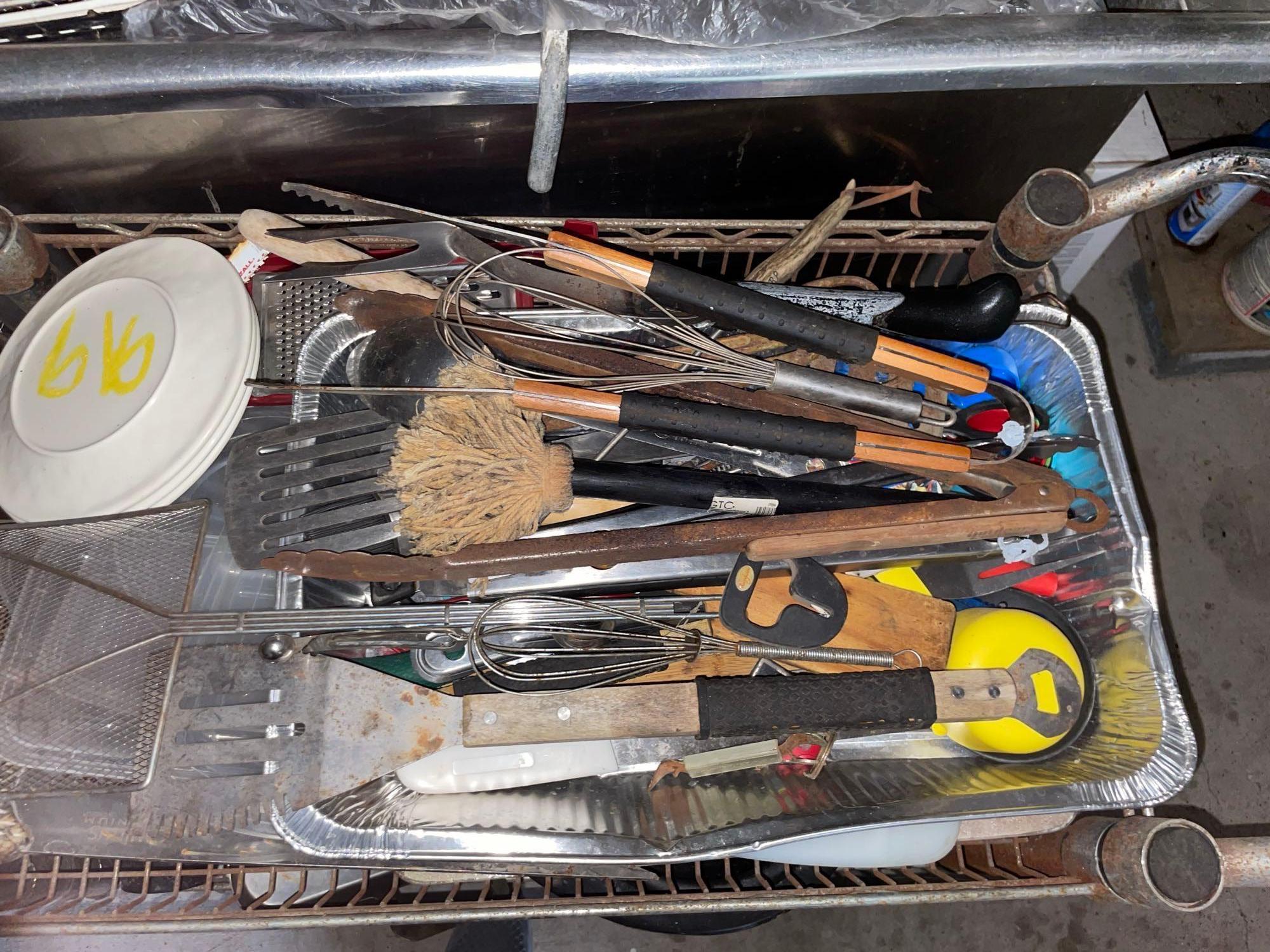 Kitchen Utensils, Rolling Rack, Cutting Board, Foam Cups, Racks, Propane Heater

--

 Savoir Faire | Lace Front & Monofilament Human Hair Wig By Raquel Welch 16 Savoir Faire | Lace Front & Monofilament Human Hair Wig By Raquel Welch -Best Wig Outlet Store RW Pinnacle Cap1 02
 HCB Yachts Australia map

**Your assignment:** Beginning at the line above that contains "Pinnacle Cap1 02", return each line exactly through the line that contains "HCB Yachts Australia map", and no others.

**Answer box:**
 Savoir Faire | Lace Front & Monofilament Human Hair Wig By Raquel Welch 16 Savoir Faire | Lace Front & Monofilament Human Hair Wig By Raquel Welch -Best Wig Outlet Store RW Pinnacle Cap1 02
 HCB Yachts Australia map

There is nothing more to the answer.